What makes the article significant, apart from its focus on the true
health epidemic confronting society (i.e., women needlessly starving themselves), is what triggered the organizer's vision of a fundraiser in an art gallery:
Dreyer, who is chairing the first annual NEDA Walk Charlotte on Oct. 22 to bring awareness to eating disorders, was thinking of creative ways to get the word out about it when a chance encounter during a morning walk through Myers Park provided the solution.
She was drawn into a building that housed a real estate firm to see if they would be interested in being a sponsor. To get to the office Dreyer had to pass through an art gallery. She was struck by the artwork of female images and body forms on the gallery walls.
"I immediately thought how beautiful women are in their natural, curvaceous womanly figures and said to myself 'I wish the world could see what I am seeing, that this is what women really look like and how amazingly beautiful they are,'" she recalled.
I find it fascinating that she had such an experience. In entering the art gallery, she encountered what was almost a secret treasure-trove (secret not by design but by cultural ignorance): a repository of culture from healthier, more noble ages than our own -- eras that recognized true beauty and celebrated it, enabling women to live freely and comfortably without a second thought about body image, other than to admire their own curvaceous physiques.
In essence, when Ms. Dreyer entered the gallery, she escaped into an alternative reality. Or to put it more precisely, she escaped into the true
reality, the natural reality in which we all should be living -- and would
be living, had the history of the 20th century turned out differently. The misbegotten, curve-o-phobic, media-controlled world outside the gallery, the world in which we are condemned to live today, is actually the sinister mirror universe, the evil twin, the distorted opposite of the healthier, nobler existence that the paintings depict.
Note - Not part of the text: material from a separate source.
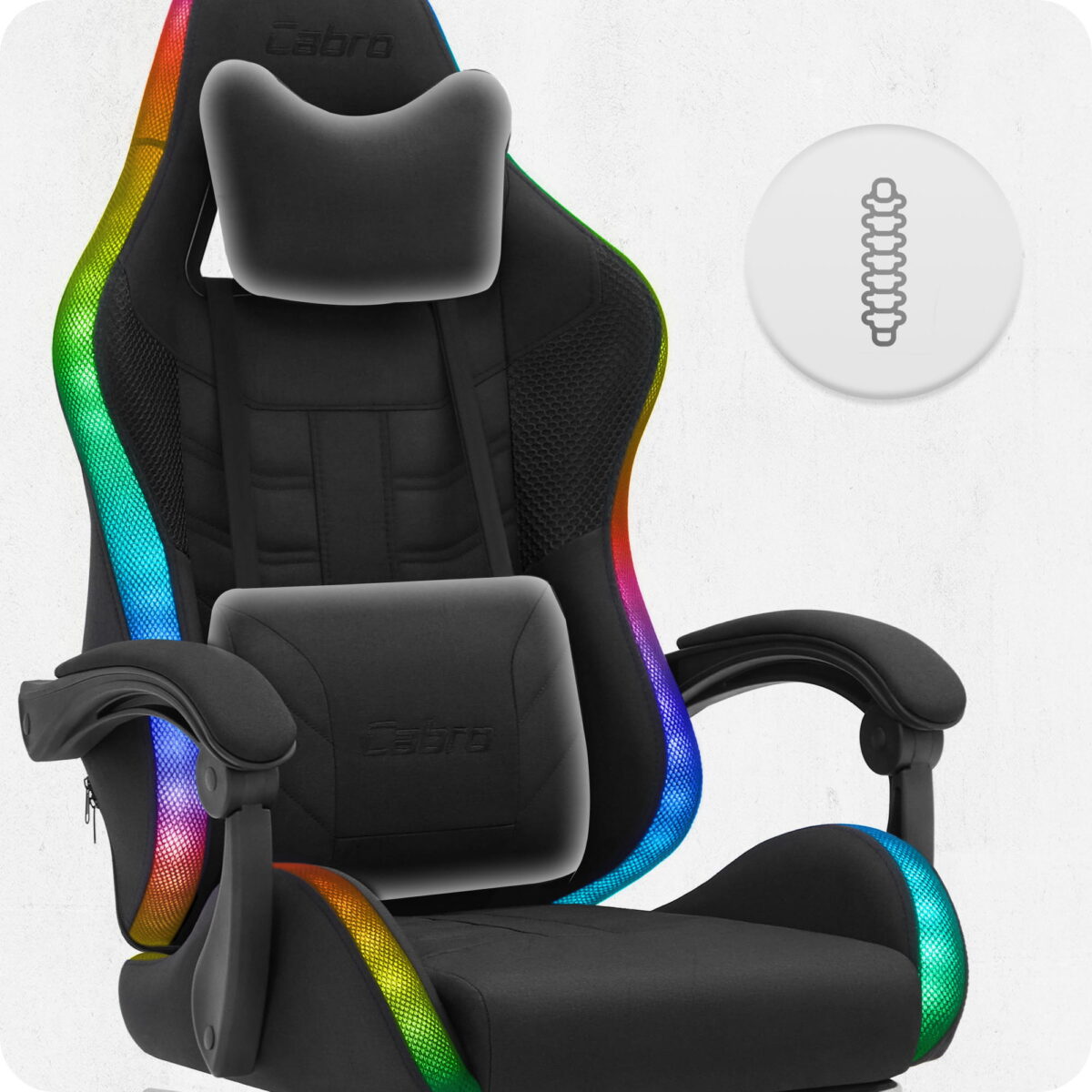 Ігрове геймерське комп'ютерне крісло Cabro C501 світлодіодне чорне-тканина - Зображення 8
But at least that visual record of a more natural, beautiful world exists, preserved on canvas. Seeing that vision helped Ms. Dreyer rediscover the true form of beauty. If more people could be exposed to this superior reality, their viewpoints might be transformed as well. Perhaps if Ms. Dreyer's sister had had such an epiphany, she would still be alive today, rather than being another tragic victim of the modern Death Aesthetic.